Lower levels of stress also protect you from other chronic illnesses, such as diabetes, obesity, heart problems, and hypertension.
5. Improves Physical Health
Having an active social life not only impacts your mental and emotional wellness but also enhances your physical fitness. Social activities may not count as a form of formal exercise, but most activities get you up and moving, so there is really little difference.
Further, most physical workouts can become a social one if you want them to. This includes:
- Going to the gym with a friend or befriending another gym-goer.

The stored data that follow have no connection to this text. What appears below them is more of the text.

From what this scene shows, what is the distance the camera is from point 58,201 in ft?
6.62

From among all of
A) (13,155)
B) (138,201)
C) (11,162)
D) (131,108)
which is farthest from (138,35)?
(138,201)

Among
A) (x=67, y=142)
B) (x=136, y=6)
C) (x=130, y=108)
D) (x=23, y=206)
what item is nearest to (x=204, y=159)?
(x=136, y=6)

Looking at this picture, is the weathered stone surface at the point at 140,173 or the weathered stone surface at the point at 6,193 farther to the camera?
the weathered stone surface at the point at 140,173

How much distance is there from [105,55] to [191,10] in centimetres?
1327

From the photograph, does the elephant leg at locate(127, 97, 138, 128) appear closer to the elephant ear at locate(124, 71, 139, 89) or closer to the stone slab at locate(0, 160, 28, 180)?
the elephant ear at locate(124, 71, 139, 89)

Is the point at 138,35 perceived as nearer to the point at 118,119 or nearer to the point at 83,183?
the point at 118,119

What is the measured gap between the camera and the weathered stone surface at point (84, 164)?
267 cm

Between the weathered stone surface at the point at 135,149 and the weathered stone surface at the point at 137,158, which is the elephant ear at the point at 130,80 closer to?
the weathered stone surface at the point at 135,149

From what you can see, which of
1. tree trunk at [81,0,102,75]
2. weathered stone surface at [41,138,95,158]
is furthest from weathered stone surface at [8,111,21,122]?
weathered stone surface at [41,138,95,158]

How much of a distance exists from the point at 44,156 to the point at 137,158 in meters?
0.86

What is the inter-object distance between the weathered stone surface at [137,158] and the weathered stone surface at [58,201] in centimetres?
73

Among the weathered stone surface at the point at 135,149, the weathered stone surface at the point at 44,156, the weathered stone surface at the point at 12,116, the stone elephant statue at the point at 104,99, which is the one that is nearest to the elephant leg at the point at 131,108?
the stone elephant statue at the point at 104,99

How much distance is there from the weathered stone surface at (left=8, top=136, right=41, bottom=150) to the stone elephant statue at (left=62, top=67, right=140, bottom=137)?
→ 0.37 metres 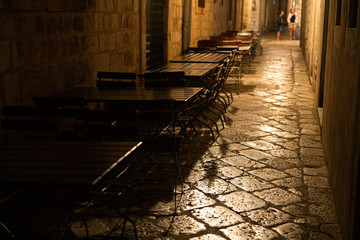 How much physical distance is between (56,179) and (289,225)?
184cm

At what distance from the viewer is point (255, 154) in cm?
525

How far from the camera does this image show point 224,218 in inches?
140

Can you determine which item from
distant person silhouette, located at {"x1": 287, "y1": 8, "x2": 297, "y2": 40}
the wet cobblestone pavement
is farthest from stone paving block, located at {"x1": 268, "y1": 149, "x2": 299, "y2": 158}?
distant person silhouette, located at {"x1": 287, "y1": 8, "x2": 297, "y2": 40}

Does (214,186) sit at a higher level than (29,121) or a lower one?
lower

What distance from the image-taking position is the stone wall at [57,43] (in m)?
3.94

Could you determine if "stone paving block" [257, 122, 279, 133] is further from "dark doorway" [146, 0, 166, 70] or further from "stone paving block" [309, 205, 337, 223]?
"dark doorway" [146, 0, 166, 70]

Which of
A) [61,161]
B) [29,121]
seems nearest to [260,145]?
[29,121]

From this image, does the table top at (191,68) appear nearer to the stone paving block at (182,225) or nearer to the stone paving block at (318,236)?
the stone paving block at (182,225)

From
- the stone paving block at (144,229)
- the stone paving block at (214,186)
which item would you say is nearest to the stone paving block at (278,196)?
the stone paving block at (214,186)

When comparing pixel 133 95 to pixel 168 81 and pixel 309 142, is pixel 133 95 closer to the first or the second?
pixel 168 81

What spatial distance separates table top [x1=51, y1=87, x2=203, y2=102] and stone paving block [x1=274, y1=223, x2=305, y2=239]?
1.54 metres

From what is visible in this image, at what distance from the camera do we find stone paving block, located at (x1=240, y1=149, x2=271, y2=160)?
5.14 m

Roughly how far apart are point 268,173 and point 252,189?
0.50 m

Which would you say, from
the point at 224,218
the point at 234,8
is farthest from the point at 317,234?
the point at 234,8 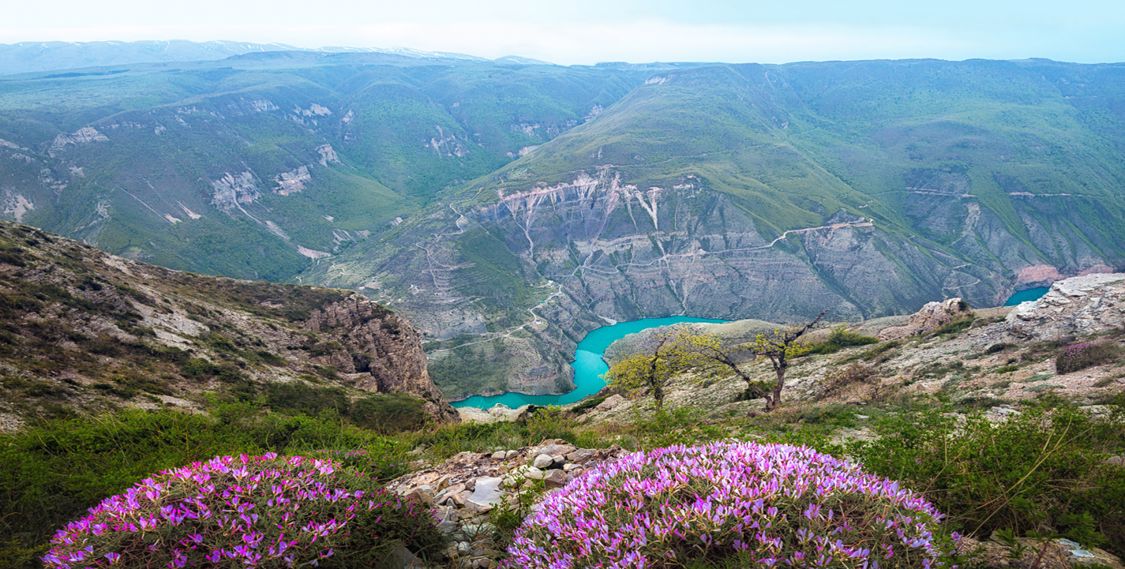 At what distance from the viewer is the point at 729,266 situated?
7441 inches

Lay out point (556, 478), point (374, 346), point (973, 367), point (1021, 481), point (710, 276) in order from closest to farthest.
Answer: point (1021, 481) → point (556, 478) → point (973, 367) → point (374, 346) → point (710, 276)

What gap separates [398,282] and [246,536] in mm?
176463

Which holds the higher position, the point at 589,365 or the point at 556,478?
the point at 556,478

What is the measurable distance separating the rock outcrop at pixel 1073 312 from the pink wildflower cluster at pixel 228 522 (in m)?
31.8

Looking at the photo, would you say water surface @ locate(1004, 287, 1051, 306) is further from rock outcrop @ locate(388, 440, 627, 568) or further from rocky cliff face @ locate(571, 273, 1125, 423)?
rock outcrop @ locate(388, 440, 627, 568)

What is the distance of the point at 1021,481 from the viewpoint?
4469 mm

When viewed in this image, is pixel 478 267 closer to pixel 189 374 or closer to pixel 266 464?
pixel 189 374

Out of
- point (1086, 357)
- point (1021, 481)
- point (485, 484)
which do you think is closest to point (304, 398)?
point (485, 484)

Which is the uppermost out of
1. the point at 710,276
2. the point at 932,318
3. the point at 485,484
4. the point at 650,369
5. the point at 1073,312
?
the point at 485,484

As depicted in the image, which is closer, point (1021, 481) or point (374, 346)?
point (1021, 481)

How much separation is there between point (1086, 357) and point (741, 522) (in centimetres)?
2340

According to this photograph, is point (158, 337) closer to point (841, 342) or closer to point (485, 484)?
point (485, 484)

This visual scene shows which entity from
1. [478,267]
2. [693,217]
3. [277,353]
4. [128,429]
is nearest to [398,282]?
[478,267]

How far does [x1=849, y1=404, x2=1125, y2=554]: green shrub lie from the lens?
4.83 metres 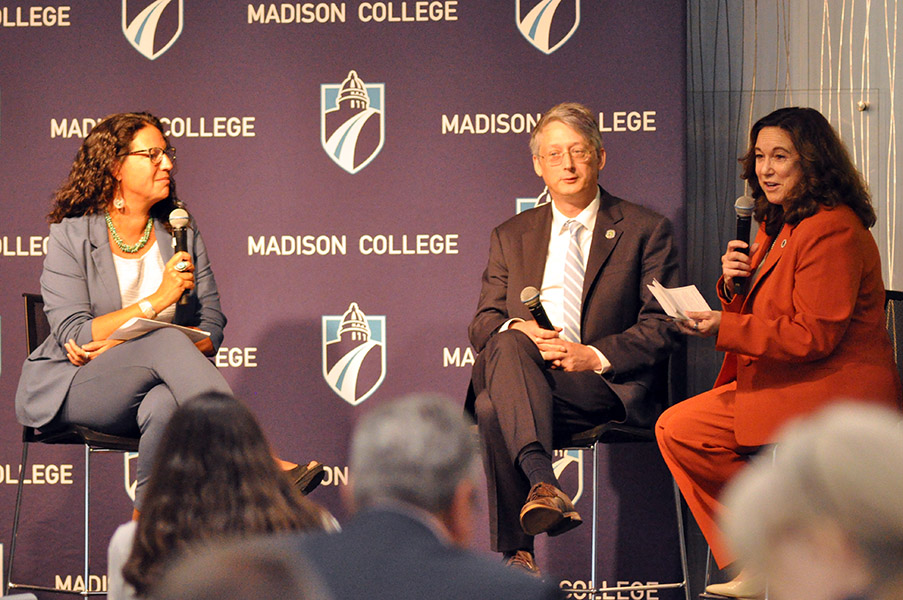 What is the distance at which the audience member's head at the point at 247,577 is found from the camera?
0.69 metres

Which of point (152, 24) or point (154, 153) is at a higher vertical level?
point (152, 24)

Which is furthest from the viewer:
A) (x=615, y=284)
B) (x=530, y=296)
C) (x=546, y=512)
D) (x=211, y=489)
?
(x=615, y=284)

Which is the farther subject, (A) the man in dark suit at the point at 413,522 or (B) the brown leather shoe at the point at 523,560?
(B) the brown leather shoe at the point at 523,560

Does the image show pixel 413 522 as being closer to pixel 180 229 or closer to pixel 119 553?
pixel 119 553

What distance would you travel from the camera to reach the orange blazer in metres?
3.26

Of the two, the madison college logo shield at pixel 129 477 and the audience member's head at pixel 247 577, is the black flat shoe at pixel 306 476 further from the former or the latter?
the audience member's head at pixel 247 577

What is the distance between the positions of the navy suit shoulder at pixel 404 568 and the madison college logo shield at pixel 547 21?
3.28 m

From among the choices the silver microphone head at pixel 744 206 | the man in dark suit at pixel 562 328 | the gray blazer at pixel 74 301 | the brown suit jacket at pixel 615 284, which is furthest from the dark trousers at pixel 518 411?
the gray blazer at pixel 74 301

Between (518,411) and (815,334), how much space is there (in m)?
0.95

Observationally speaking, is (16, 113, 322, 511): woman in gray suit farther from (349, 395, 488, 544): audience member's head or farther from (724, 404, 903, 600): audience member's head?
(724, 404, 903, 600): audience member's head

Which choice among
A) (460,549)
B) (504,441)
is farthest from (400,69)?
(460,549)

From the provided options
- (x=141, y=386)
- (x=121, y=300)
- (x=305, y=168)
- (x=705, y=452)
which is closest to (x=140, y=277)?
(x=121, y=300)

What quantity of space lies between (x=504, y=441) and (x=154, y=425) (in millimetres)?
1117

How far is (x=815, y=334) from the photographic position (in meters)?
3.24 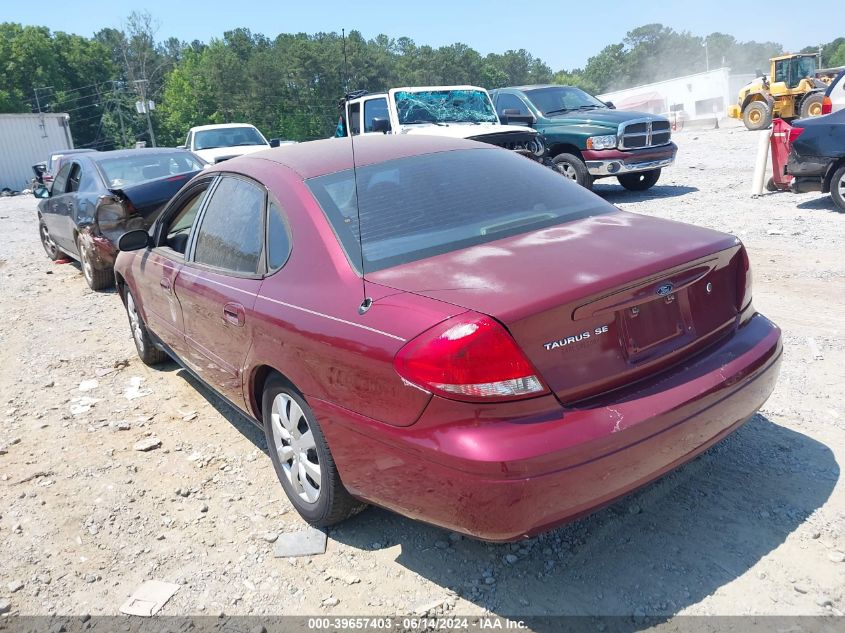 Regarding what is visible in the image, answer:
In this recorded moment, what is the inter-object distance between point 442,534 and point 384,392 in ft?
3.31

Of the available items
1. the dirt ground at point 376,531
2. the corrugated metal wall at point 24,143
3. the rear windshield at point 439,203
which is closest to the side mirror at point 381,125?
the dirt ground at point 376,531

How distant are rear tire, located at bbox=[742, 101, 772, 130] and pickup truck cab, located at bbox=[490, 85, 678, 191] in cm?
1460

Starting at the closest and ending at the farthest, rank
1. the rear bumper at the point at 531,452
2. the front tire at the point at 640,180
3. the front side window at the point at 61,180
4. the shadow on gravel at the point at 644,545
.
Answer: the rear bumper at the point at 531,452 → the shadow on gravel at the point at 644,545 → the front side window at the point at 61,180 → the front tire at the point at 640,180

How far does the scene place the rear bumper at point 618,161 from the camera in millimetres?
11758

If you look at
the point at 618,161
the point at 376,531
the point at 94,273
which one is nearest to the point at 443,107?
the point at 618,161

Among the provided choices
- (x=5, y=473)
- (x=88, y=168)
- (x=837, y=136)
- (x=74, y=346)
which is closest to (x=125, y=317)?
(x=74, y=346)

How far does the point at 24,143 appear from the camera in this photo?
44.7m

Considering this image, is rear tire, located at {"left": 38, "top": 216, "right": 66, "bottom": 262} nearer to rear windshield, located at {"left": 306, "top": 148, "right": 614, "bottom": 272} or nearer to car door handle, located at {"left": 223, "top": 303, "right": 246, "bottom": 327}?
car door handle, located at {"left": 223, "top": 303, "right": 246, "bottom": 327}

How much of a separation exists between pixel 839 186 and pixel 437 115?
5.92 meters

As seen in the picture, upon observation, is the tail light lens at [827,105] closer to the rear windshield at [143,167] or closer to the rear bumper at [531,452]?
the rear windshield at [143,167]

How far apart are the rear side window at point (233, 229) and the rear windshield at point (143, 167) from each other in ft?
17.2

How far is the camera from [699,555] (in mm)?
2789

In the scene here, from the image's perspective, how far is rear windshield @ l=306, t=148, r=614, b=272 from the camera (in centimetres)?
297

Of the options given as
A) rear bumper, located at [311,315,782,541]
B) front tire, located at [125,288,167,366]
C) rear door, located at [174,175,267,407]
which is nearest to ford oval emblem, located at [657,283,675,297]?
rear bumper, located at [311,315,782,541] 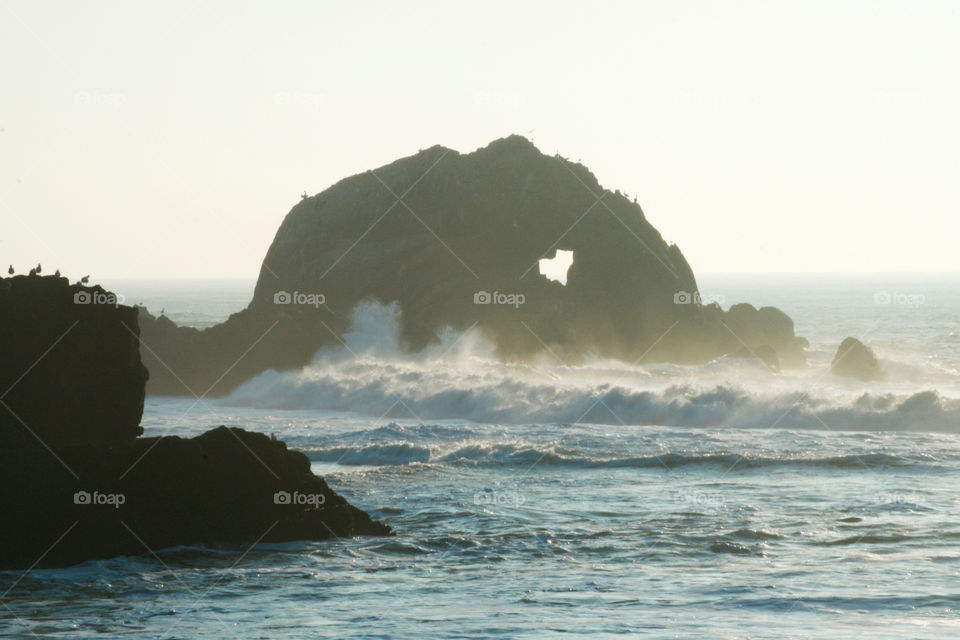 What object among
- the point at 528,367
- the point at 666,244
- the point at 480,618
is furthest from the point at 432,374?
the point at 480,618

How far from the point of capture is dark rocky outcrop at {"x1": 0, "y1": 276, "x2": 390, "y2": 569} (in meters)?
17.5

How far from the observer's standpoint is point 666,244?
6594cm

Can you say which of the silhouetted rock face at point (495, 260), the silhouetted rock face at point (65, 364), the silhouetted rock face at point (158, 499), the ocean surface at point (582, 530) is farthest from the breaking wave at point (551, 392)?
the silhouetted rock face at point (65, 364)

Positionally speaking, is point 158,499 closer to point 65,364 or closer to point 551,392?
point 65,364

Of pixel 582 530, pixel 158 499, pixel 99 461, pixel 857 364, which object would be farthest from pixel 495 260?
pixel 99 461

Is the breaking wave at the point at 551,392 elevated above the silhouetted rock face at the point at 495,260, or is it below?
below

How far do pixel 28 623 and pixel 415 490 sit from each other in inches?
470

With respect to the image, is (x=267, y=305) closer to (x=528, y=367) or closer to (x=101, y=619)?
(x=528, y=367)

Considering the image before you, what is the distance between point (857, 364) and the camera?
59.9 meters

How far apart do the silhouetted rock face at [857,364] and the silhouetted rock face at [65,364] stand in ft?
154

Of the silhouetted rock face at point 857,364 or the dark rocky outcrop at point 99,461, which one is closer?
the dark rocky outcrop at point 99,461

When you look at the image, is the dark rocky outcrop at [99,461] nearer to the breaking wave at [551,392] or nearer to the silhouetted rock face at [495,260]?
the breaking wave at [551,392]

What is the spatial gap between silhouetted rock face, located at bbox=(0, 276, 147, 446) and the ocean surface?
232cm

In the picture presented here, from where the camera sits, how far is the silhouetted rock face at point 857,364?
59.6m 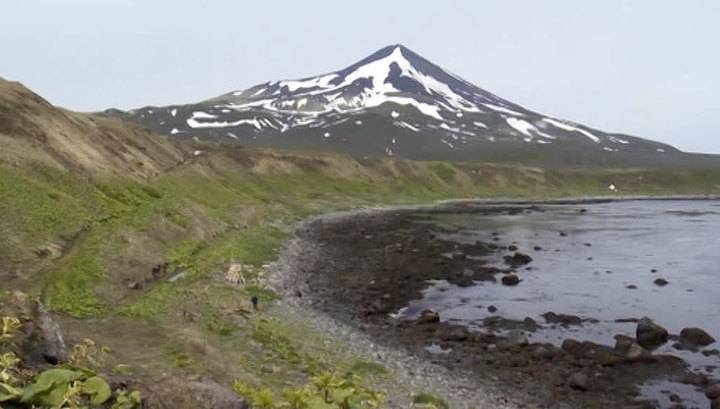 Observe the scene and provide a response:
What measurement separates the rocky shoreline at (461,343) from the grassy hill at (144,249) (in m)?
2.80

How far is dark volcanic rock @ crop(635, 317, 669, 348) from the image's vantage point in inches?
1291

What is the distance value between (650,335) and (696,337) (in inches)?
93.5

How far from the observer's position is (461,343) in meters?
33.0

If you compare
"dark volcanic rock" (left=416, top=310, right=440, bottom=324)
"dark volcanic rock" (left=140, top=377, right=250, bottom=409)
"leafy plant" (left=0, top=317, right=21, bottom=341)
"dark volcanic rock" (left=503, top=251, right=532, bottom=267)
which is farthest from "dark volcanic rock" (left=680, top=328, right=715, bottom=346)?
"leafy plant" (left=0, top=317, right=21, bottom=341)

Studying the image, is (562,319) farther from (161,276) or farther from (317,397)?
(317,397)

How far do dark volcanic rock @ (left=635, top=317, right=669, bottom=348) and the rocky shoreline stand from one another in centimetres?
7

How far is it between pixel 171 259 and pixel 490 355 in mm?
22782

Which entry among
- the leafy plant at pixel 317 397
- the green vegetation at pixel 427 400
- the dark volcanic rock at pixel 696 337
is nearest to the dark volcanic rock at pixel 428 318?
the dark volcanic rock at pixel 696 337

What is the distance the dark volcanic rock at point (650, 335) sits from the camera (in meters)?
32.8

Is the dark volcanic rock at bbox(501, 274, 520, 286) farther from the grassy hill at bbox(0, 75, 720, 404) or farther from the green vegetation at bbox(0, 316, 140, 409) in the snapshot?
→ the green vegetation at bbox(0, 316, 140, 409)

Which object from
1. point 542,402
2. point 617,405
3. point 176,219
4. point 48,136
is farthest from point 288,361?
point 48,136

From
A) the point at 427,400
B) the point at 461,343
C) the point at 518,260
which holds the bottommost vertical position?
the point at 461,343

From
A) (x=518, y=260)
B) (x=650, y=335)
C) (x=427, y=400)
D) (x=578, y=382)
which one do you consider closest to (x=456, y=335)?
(x=578, y=382)

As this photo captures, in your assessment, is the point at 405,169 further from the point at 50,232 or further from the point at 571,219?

- Striking a conversation in the fitness center with fellow seniors and making new friends.
- Inviting fellow senior living residents to walk around the community.
- Cycle, jog or enroll in an online fitness class with your loved one.
Moreover, having a friend or loved one to accompany, you will be more motivated to attend your gym classes and achieve your fitness goal. You get to bond with your loved one while strengthening your immune system and physique. So, what’s not to love?
These are just some of the many benefits of having an active social life. There’s no downside to it, so get out there and start being a social butterfly in your own way.
Whether you live alone or reside in a senior living community, there’s always a way to stay connected with others. You can get the help of technology to reach your distant family. Or expand your social circle by meeting new people through volunteering efforts.